Hidden Chicano Cinema addresses a series of 'film moments' that are cultural encounters between filmmakers who use film as a technology and the people of the communities that became the subjects for the film depictions. These film encounters often found Borderlands residents and filmmakers eyeing each other from opposite sides of the camera lens, thereby learning from, critiquing and/or categorizing each other.

The first chapters are dedicated to the advent of still photography and early film in New Mexico, which at the time was considered a "foreign locale" despite the fact that it is within the boundaries of the United States. During this early period, "segmented and mutually exclusive images of the Southwest lived in the public imagination" (1). These stereotypes left little room for representation of the 'triculturalism' that makes up this region.

Film Scholar Carlos Cortes explains that popular images were enculturated because we constantly receive information from a "societal curriculum" instilled by family, peers, and media that teaches a myriad of topics including race, ethnicity, culture, and nationality. Movies organize information about these very notions, influence values, help shape expectations of viewers, and provide models for action.

Cortes explains that films have several purposes which leave impressions on the audience. For example, films that use ethnic images examine national character. Films influence societal attitudes toward ethnic groups and take advantage of existing audience predispositions about them. Thus, filming the Borderlands has been a vast proposition that crafts images of Natives, Mexicans, and Anglos. It presents interethnic relationships these [End Page 80] communities create, all within a mythic and wild Southwestern landscapes.

At times, this type of lens created a "tourist gaze" which highlighted the 'exotic other' and established a dominant Anglo-American view based on Manifest Destiny. The problem with early photography (Edward Curtis, Carl Taylor, and Russell Lee) and cinema representing Native 'others' was that it was seen as part entertainment, part science, and part anthropology, in which documentarians swooped down over the Southwest in search of exotic prey.

Eventually a shift occurred in the representation of the New Mexico Borderland in film. These "Social Realism" representations demonstrated the lives of Chicanos in the United States during the Cold War period. One such example is the film Salt of the Earth (1954). It focused upon a Mexican-American worker labor struggle in a New Mexican mining district (Zinc Town, USA). This was a major rotation in the choice of subjects for filmmakers because the lens added needed criticism to social and economic relationships that were the product of centuries of exploitation and inequality; as well as drawing attention to women's emerging rights.

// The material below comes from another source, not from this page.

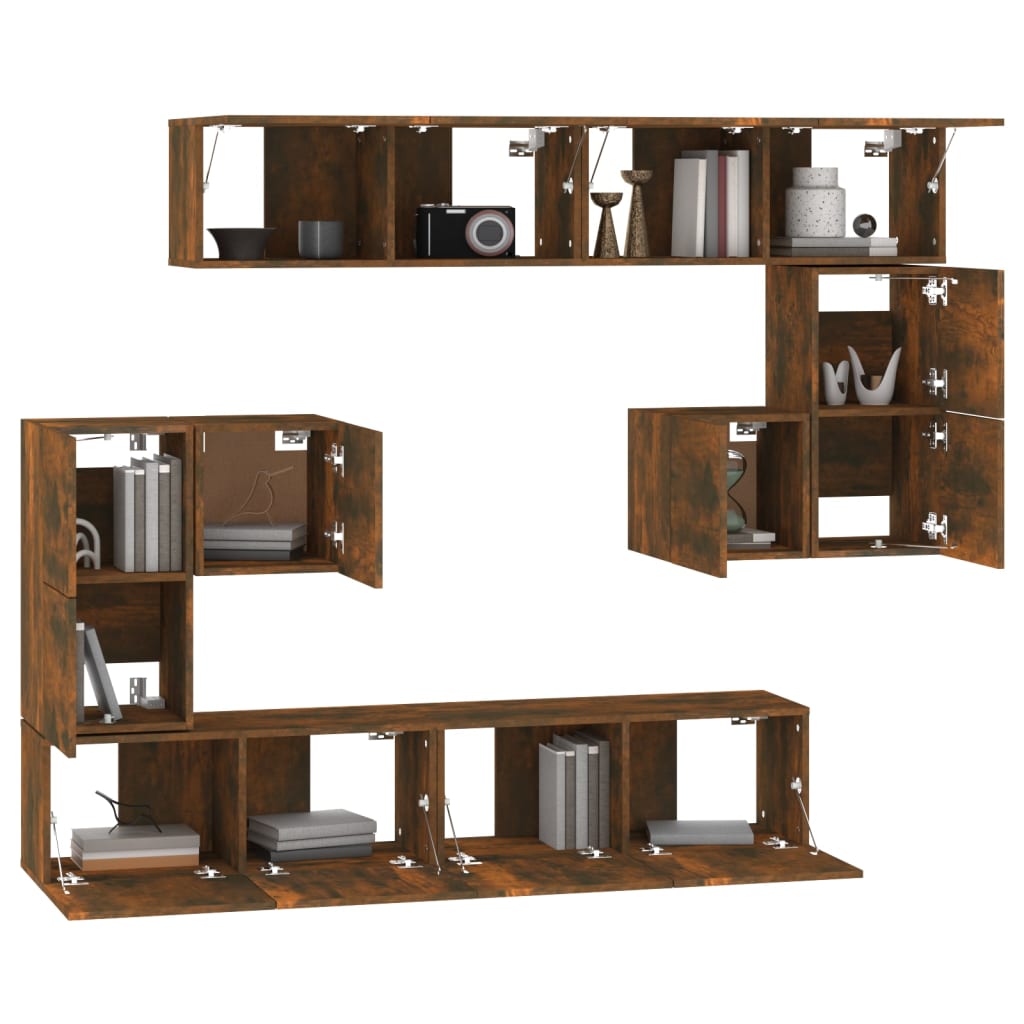 Wall Mounted TV Cabinet Smoked Oak Finish Engineered Wood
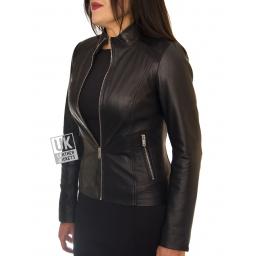 Women's Black Leather Jacket - Rochelle - Front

Salt of the Earth is also unique because it can be considered a seminal Chicano film. "On the basis of its significance to [and collaboration with] the Chicano communities… it is obvious that its very creation was meant to ameliorate the conditions faced by Chicano workers and their families… [As such], the Chicano/a community of the Southwest embraced Salt of the Earth as an expression of Mexican American cultural resilience and strength" (95).

Hidden Chicano Cinema's final chapters look at several film encounters produced once Chican@s took hold of the camera, returned their gaze, and gave expression to their own creative voices. One such representative film is based on the 1974 'cult novel' The Milagro Beanfield War. "The story of this Chicano-themed film begins with the author, John Treadwell Nichols, and his thirty-plus years of identification with New Mexico, in particular with the rural Indo-Chicano population of northern New Mexico" (167). The novel, and the subsequent film directed by Robert Redford addressed a resistance politics of Native American and Chicano communities against globalization and domination by world capitalism. Yet, it did so through the use of satire, irony, and humor within the genre of Magical Realism. Specifically, Milagro is effective in sending a message about New Mexico to its audience. It is a poor place, but in the face of this...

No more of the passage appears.